In other words? Whatever he did, it totally worked for him, and everyone should really just sit back and enjoy the show.

Christopher Plummer was becoming the new go-to guy

In 2017, Looper announced that director Ridley Scott had cut Kevin Spacey from a major role in All the Money in the World amid accusations of sexual misconduct. Spacey had already done days of work on the film, and they needed someone to not just step in, but to prep for reshoots... like, yesterday.

Scott headed to New York to catch Christopher Plummer just before he headed to Florida on vacation, and according to The Guardian, it all happened with shocking speed. Plummer signed on just a few weeks before the film was set to premiere, and he only had about two days to get to England and learn his lines. From start to finish, the whole thing was just a few weeks, and according to Plummer, his theater background provided some seriously valuable experience in learning lines on the fly... literally. 
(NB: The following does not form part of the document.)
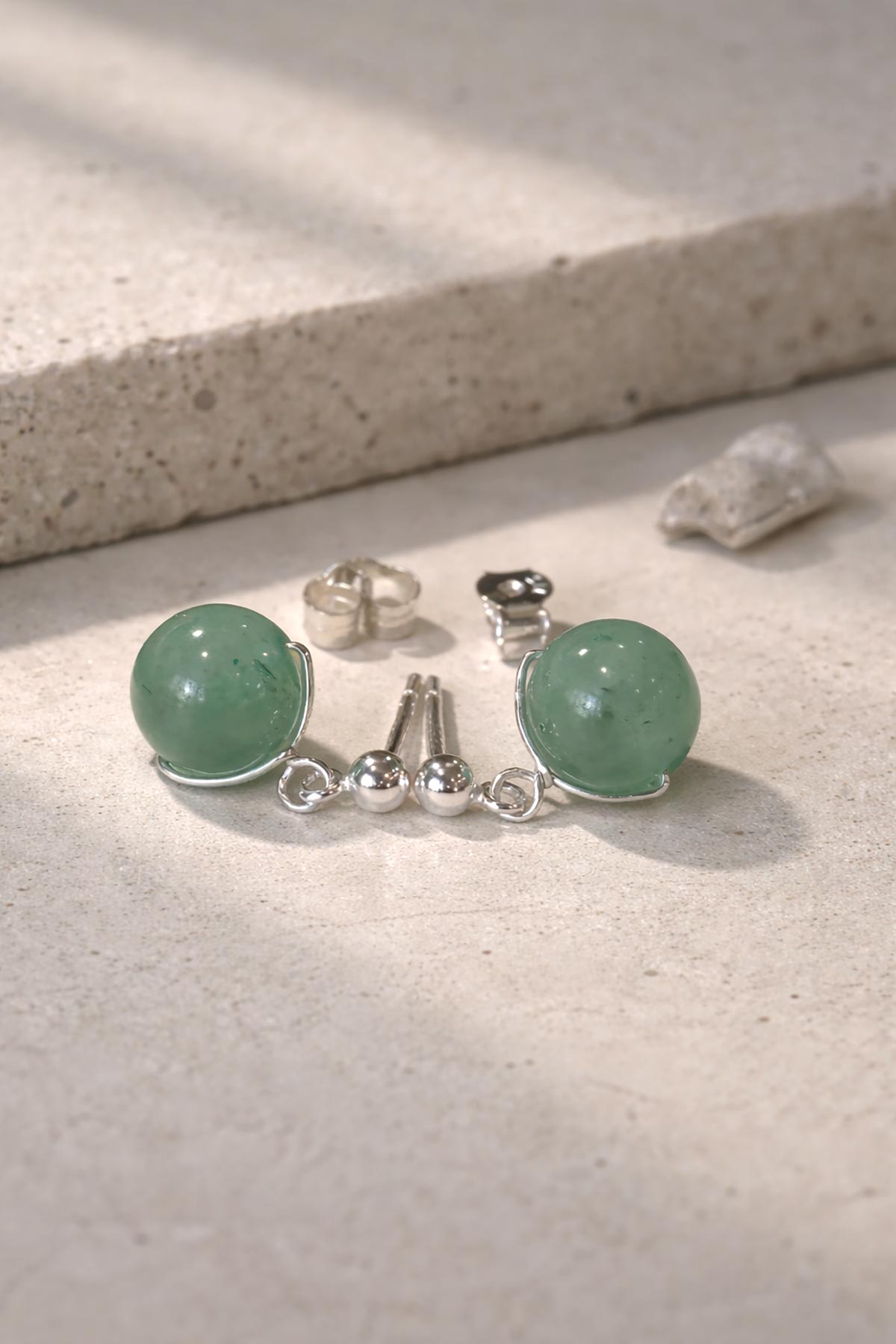 Handmade green aventurine stud earrings by Twigs & Stones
He told The Hollywood Reporter that he refused an offer to watch the footage with Spacey and just sort of jumped in with both feet — adding that while he had met the real-life version of his character (J. Paul Getty) at parties a few times in the 60s and 70s, most of it was still "imagination of what the man must've been."

Christopher Plummer was super picky about who he worked with

When Christopher Plummer (pictured, with Shirley MacLaine) was brought in as a last-minute replacement for the disgraced Kevin Spacey, he had just days to prepare. When it came time to shoot, it wasn't just Plummer who was needed on set — costars Michelle Williams and Mark Wahlberg had to return, too. According to The Hollywood Reporter, Plummer had nothing but accolades for both of them. He was an "enormous fan" of Williams, he said, and added that he "absolutely adore[d]" her. As for Wahlberg, he lauded him as "so good," and that "they were just delightful to work with."
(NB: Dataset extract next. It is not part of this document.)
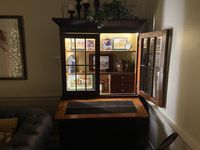 Gold antique desk, fox hunting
And that's incredibly high praise, because Plummer isn't head-over-heels for this next generation of actors. After being lauded for the on-screen chemistry he had with Helen Mirren in The Last Station, he told Boston that he basically got along with everyone he worked with, because if he didn't respect them, he wasn't going to work with them. And as far as the 20-somethings he was dealing with in 2010, well...

"They are a problematic bunch. There's the odd one who comes to the front, but for the most part, it's all about being boys ... These young actors are not trained enough. They jump into television and want to be stars without doing any work. And they do become stars, but will it last?"